Your assignment
Copy down every line of the data that follows exactly. Omit the pictures.

Given material

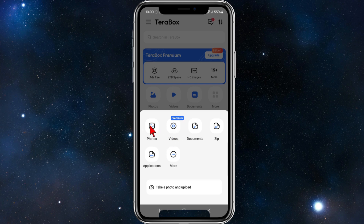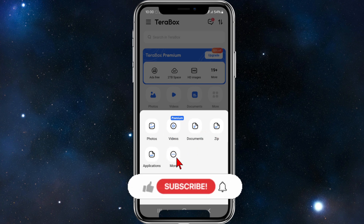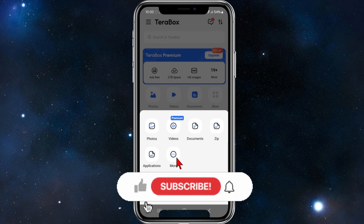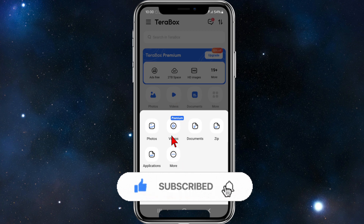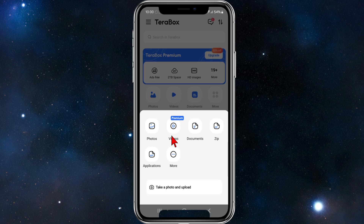So we can only upload photos, documents, zips, applications, and some other file types. But we cannot upload videos to Terabox on a free version — you must upgrade to premium.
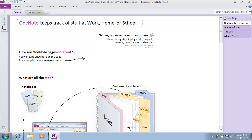In this video, we're going to look at the collaboration abilities of Microsoft OneNote.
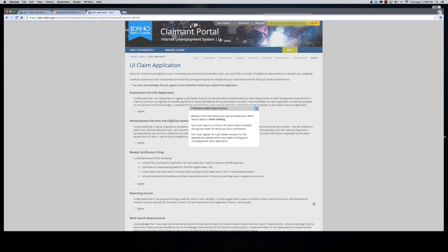Idaho Works is our website that we use to help people find work. When you're finished with your application, you will need to register for work there within two weeks.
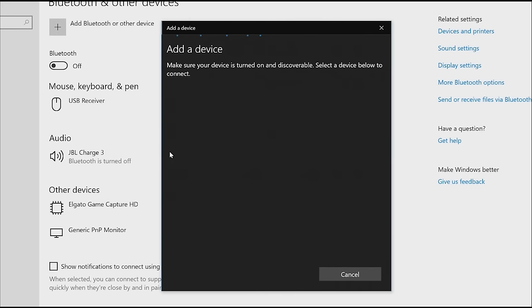Once your Xbox wireless controller is found, click Done. The Xbox wireless adapter for Windows may not be available in all markets.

Response box
So we can only upload photos, documents, zips, applications, and some other file types. But we cannot upload videos to Terabox on a free version — you must upgrade to premium.
In this video, we're going to look at the collaboration abilities of Microsoft OneNote.
Idaho Works is our website that we use to help people find work. When you're finished with your application, you will need to register for work there within two weeks.
Once your Xbox wireless controller is found, click Done. The Xbox wireless adapter for Windows may not be available in all markets.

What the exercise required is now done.